The new output blames an IPv4 packet. The original stack traces used to blame an IPv6 packet. It looks like they are different trigger packets.
The new packet is an IPv4 header followed by an ICMPv6 header. An ICMPv6v4 packet?
There are 20 bytes in the head of the packet (ie. only an IPv4 header) and 393 bytes in the paged area. (Guess I'm going to have to stop believing that extreme pagination is unlikely.)
There is junk in the memory fragment after the IPv4 header that looks convincingly like an ICMP header. This might be a coincidence, and is required to trigger the bug. The type is 3 and the code is 0, which signals either an ICMPv4 destination network unreachable or an ICMPv6 Hop Limit exceeded.
Some packet fields are contradicting each other. The cached L4 protocol is ICMP, but the IPv4 header's protocol was 58 (ICMPv6), which doesn't match any of the IPv4 protocols during analysis. So the cached L4 protocol should be OTHER. However, if the cached protocol is OTHER, then there should also be no distance between the l4-hdr and payload pointers. On the other hand, if the cached protocol is ICMP, then the ICMP header should have been pulled into the head area. And yet... if the packet is OTHER, then it would explain why we've never gotten the bug on a stateful Jool. However you look at it, the packet needs to have fooled at least two supposedly unskippable validations, or have had at least two fields (allocated in very separate locations) corrupted after validations.
If I replicate the given packet in a unit test, the bug is not triggered. There has to be something else.

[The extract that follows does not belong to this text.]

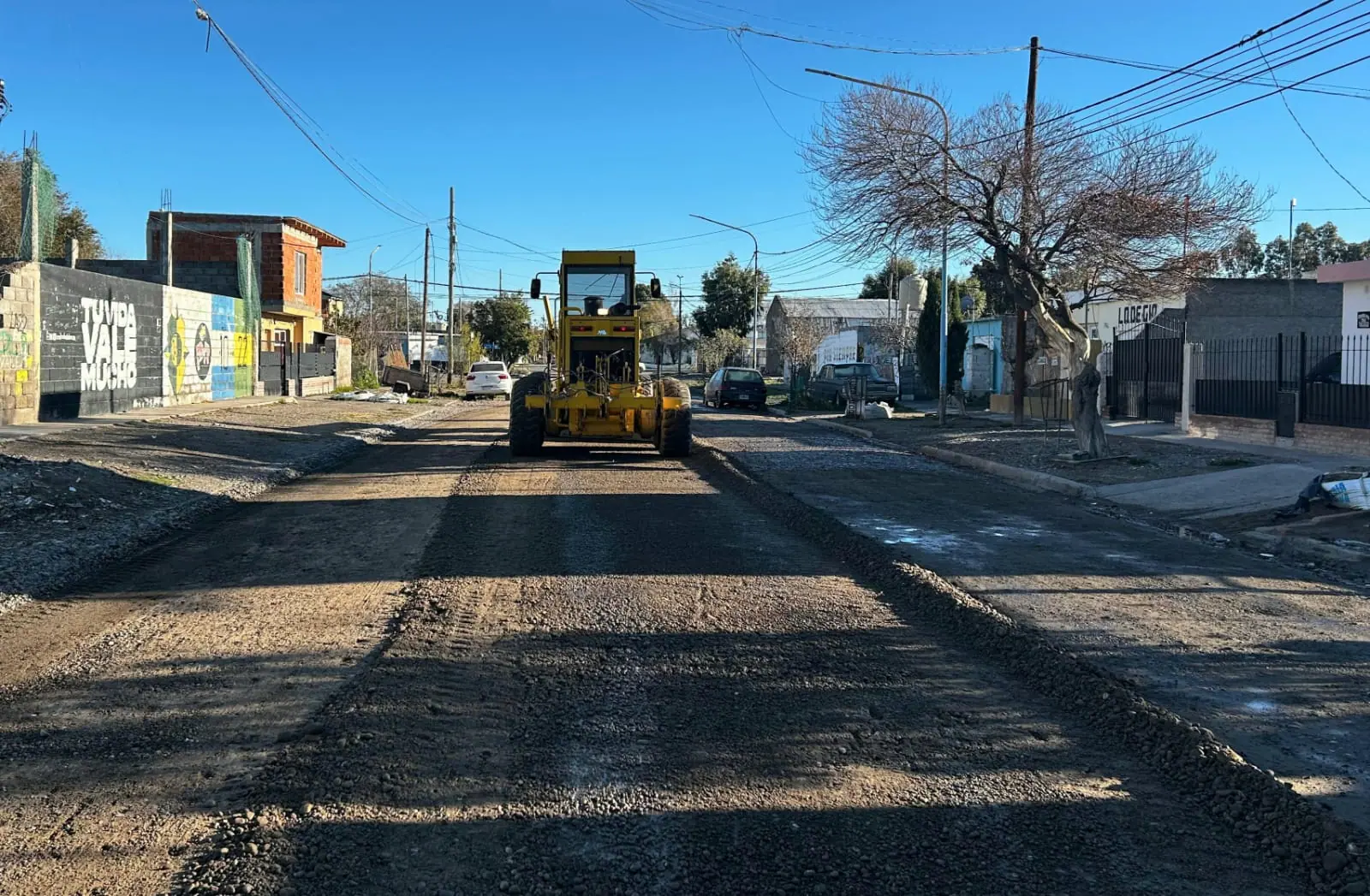 La Municipalidad de Rawson repara las calles del Río Chubut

Here's a theory: The original packet wasn't IPv4, but rather, an IPv6 packet hairpinned into IPv4.

Pros:

This would explain why the original stack traces were blaming IPv6 packets. (Con: The original traces did not include any hairpinning functions.)
It would explain why the packet seems to have skipped validations. (The intermediate hairpinning packet is constructed by Jool, which means it doesn't need to be validated.)

Cons:

I can't find any code in Jool which might have assigned 58 to the intermediate packet's protocol field.
When Jool 3.5 generates an IPv4 intermediate hairpinning packet, it allocates it using alloc_skb(). This function very clearly does not page data at any point. (Objection: I'm reading the 4.4 code, which might not be the same as the 4.4.0-121-generic code. I need to look into this.)

@toreanderson:

What is eam-hairpin-mode set to?

Also: The offending packet was supposedly sent from 87.238.60.90 to 138.201.27.181. According to your configuration, are these both IPv6 nodes?

TODOs:

We need a fresh stack trace; print one during the bug detection code.
Validate the output of skb_alloc(). If we ever get a paged packet out of it, the source of the bug is clear.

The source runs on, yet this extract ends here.